The team’s new method, published in *Nature Communications*, will facilitate the discovery of heterogeneous catalysts able to transform the **non-edible fraction of biomass** into valuable chemical products. The procedure **reduces the number of calculations by a factor of 20** while retaining error bars comparable to Density Functional Theory (DFT).

**As simple as possible, but not simpler **

Biomass molecules are big. With complex molecular structures, there are many reaction sites to be considered when biomass interacts with a catalyst. A relatively small molecule, such as a C_{6}, could present a reaction network of about 500 000 reactions – making it too time and resource-demanding to study using current models.
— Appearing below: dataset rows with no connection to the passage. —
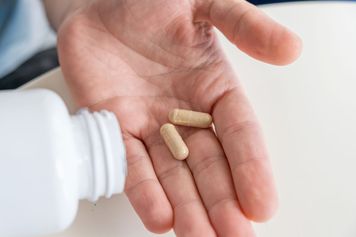 Bierzesz probiotyk codziennie? Możesz zyskać znacznie więcej niż zdrowe jelita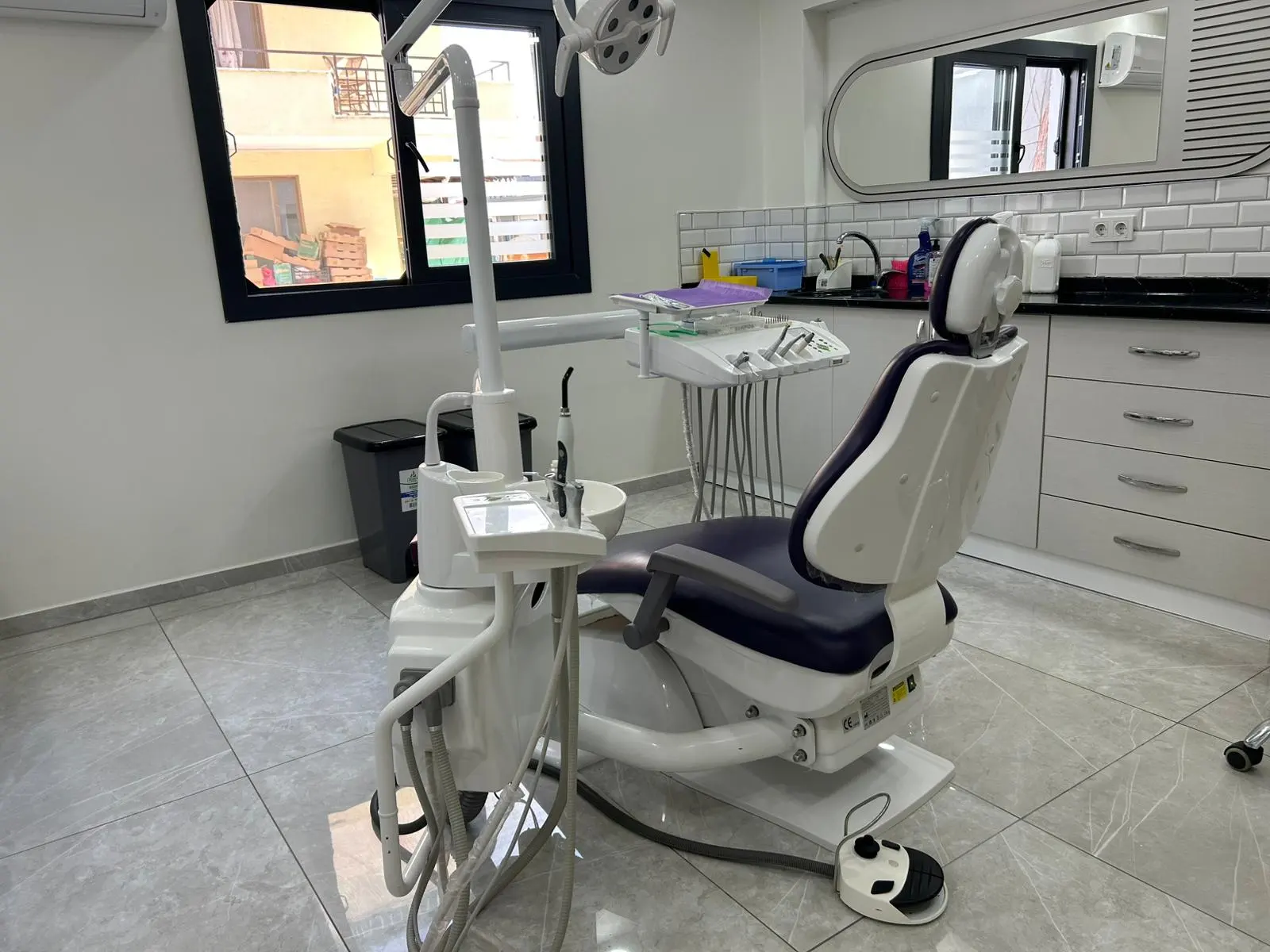 Clinic-provided photograph of Selçuk Dent Özdere
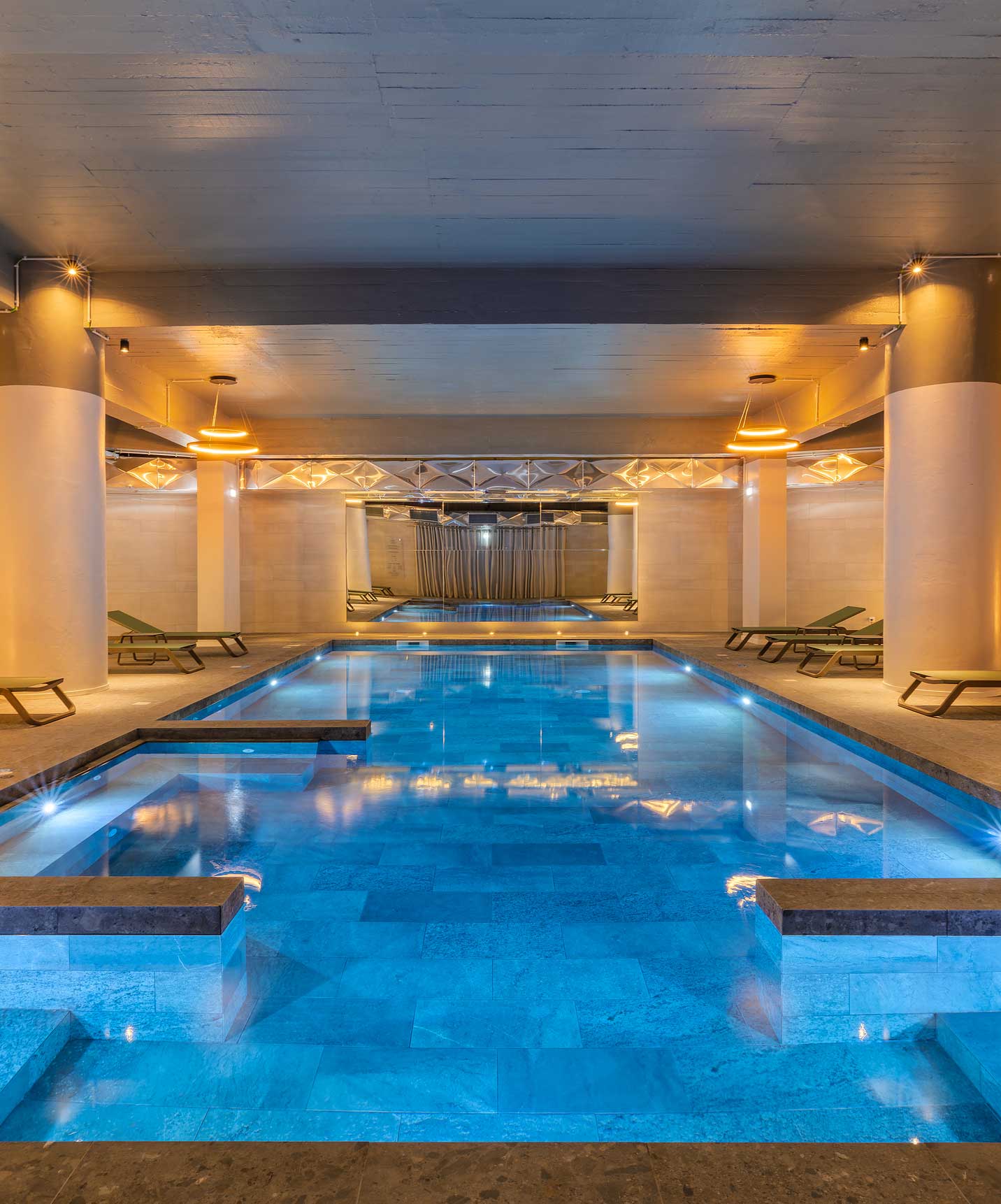 Pestana Blue Alvor Beach un hôtel 5 étoiles avec piscines et près de la plage dispose aussi d’une piscine intérieure chauffée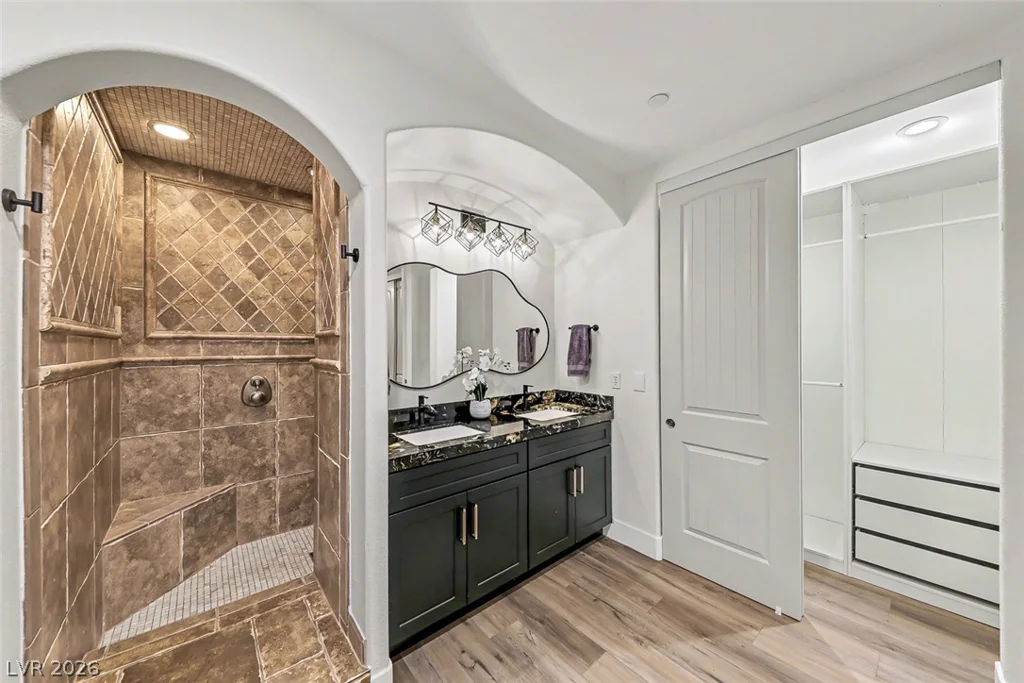 36 Via Vasari, Henderson, NV 89011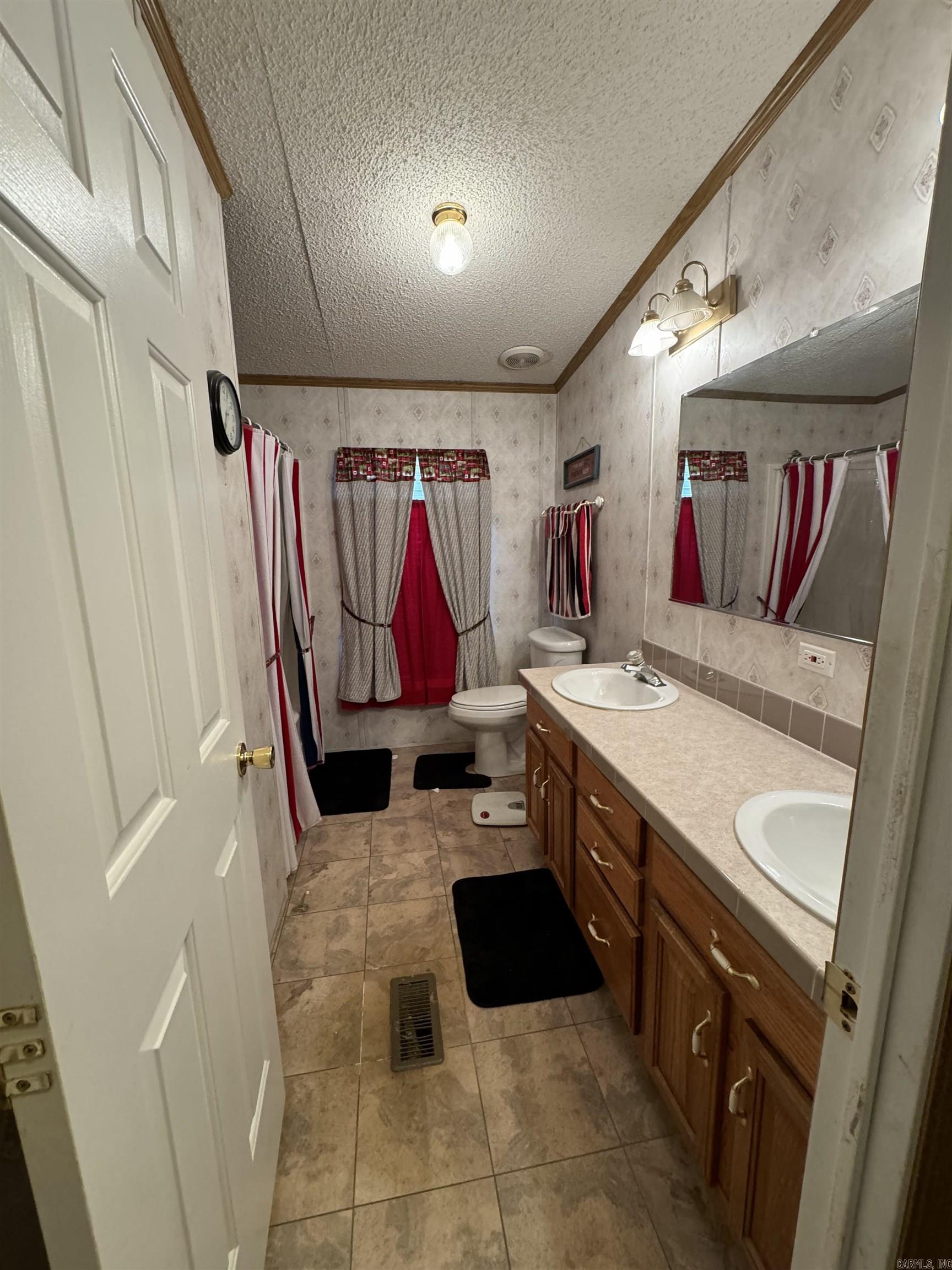 APPLE BLOSSOM FARMS - Residential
In contrast, by studying C_{1} and C_{2} species the scientists now can extrapolate the behavior to bigger molecules commonly found in biomass.

The researchers from the López group applied PCA, a simple and **unsupervised Machine Learning** **technique**, to reduce the dimensionality of the problem. After analysing the formation energies of 71 adsorbates on 12 close-packed metal surfaces, the researchers obtained a two-term linear expression that allows for the **rapid and accurate survey of whole reaction networks** on metallic surfaces while drastically **slashing the number of DFT calculations needed**.
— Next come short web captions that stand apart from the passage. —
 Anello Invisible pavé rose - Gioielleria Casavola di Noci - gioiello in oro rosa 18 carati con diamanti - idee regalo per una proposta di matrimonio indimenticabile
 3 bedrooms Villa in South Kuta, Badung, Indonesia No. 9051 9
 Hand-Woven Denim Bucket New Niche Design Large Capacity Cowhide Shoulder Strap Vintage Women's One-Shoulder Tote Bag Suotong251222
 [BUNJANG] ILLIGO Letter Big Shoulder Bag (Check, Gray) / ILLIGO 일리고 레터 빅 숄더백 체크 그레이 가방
The simplicity of the resulting model has allowed the ICIQ researchers to go one step beyond the state of the art and **interpret the results** – a first in heterogeneous catalysis.

**From black to green**

Interpreting the results of machine learning tools yield can be a challenge. Luckily, the ICIQ scientists have been able to open the box **and interpret in physical terms the parameters** of the equation. “If you know what each of the terms in the equation means, you can go further and expand your model” explains Rodrigo García-Muelas, first author of the paper, “the equation’s first term describes bond covalency while the second one is related to the bond’s ionicity.” The mathematical sequence used to find the models is publicly available to other researchers to reproduce the results.

The new model applies to a wide range of scenarios and allows the prediction of how a system will react and what it will yield by just knowing the characteristics of the bonds. Machine Learning approaches applied to catalysis are expanding our understanding of the inner workings of molecules bringing closer the transformation of biomass into biofuels, thus providing a greener alternative to fossil fuels.